In 2002, I completed 1,000 works in my project, Songs for My Father, a body of landscape-inspired pieces in various media, dedicated to my late father, a Norwegian commercial tuna fisherman. I painted the landscape, a long-standing Nordic subject, in and around Acadia National Park, Maine, during the 1980's, and have worked on Monhegan Island during the summers since 1995. In winter 1999, while an artist-in-residence at Weir Farm, a national historic site administered by the National Park Service, in Wilton, CT, I began to explore the woodlands as a complement to the seacoast. In 2001, I was a visiting artist at Weir Farm.
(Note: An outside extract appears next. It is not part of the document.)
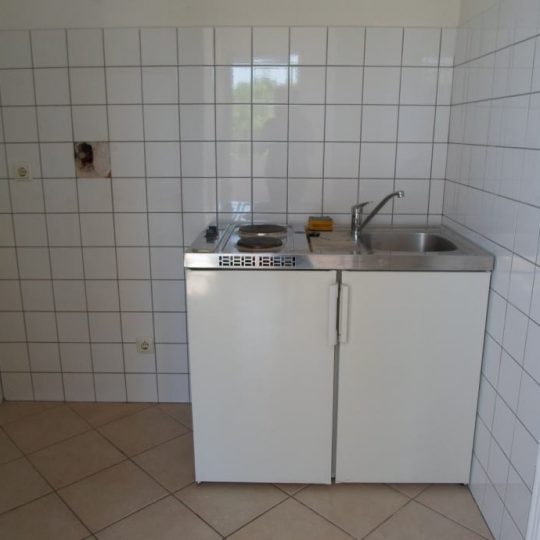 ДОМ ПУЛА, ШИДЖАНА, ТРИ КВАРТИРЫ, ОФИСНЫЕ ПОМЕЩЕНИЯ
My most recent series, Sanger Fra Mor, dedicated to my mother, is an ongoing visual essay. Working across media in paintings, watercolors, drawings and monotypes I use commercial fishing, oral history and nostalgic images to explore memory, identity and maritime history. For this project, I draw upon my experiences both as a young boy aboard ship with my father, and as a crewmember on a commercial fishing vessel. My connection to this subject continues during summer visits to Monhegan Island, Maine where I paint outdoors as well as research the resources of the Monhegan Museum.
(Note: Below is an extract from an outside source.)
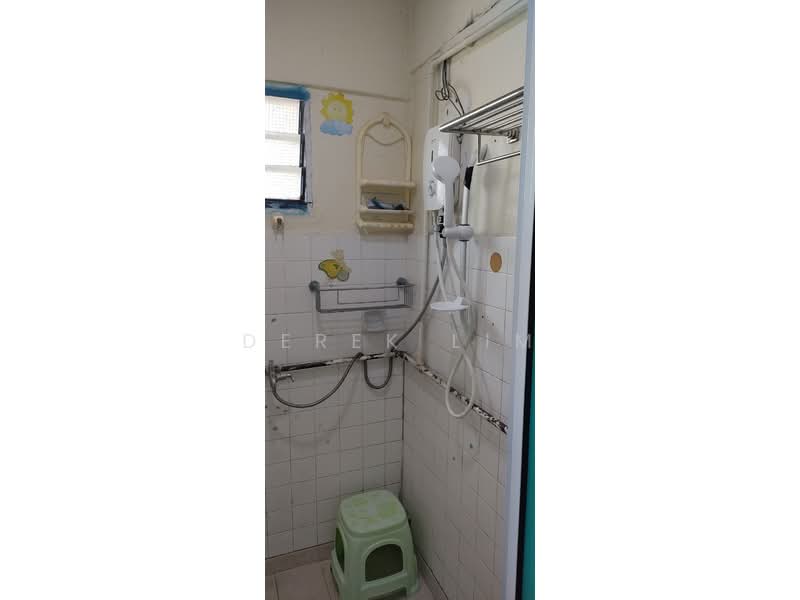 2 Saint George's Road, 2 Saint George's Road, 2 Bedrooms, 635 sqft, HDB Flat For Sale, by Derek Lim, 500227311 - Bathroom - PropertyGuru.com.sg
In my studio practice I make oil paintings and works on paper, including monotypes. My imagery develops from direct landscape and studio painting, photography, and memories. I often work in series, using repetition, simplification and variation of image and media, to structure narratives. My monotypes combine old and new technology in multiple layers--computer editing, digital printing and traditional printmaking methods, including plate lithography, silkscreen, and handwork. The layering of these processes serves as a metaphor for memory.
In my work, the persistence of memory, stages of life, the environmental crisis, and the empty ocean are thematic subtexts.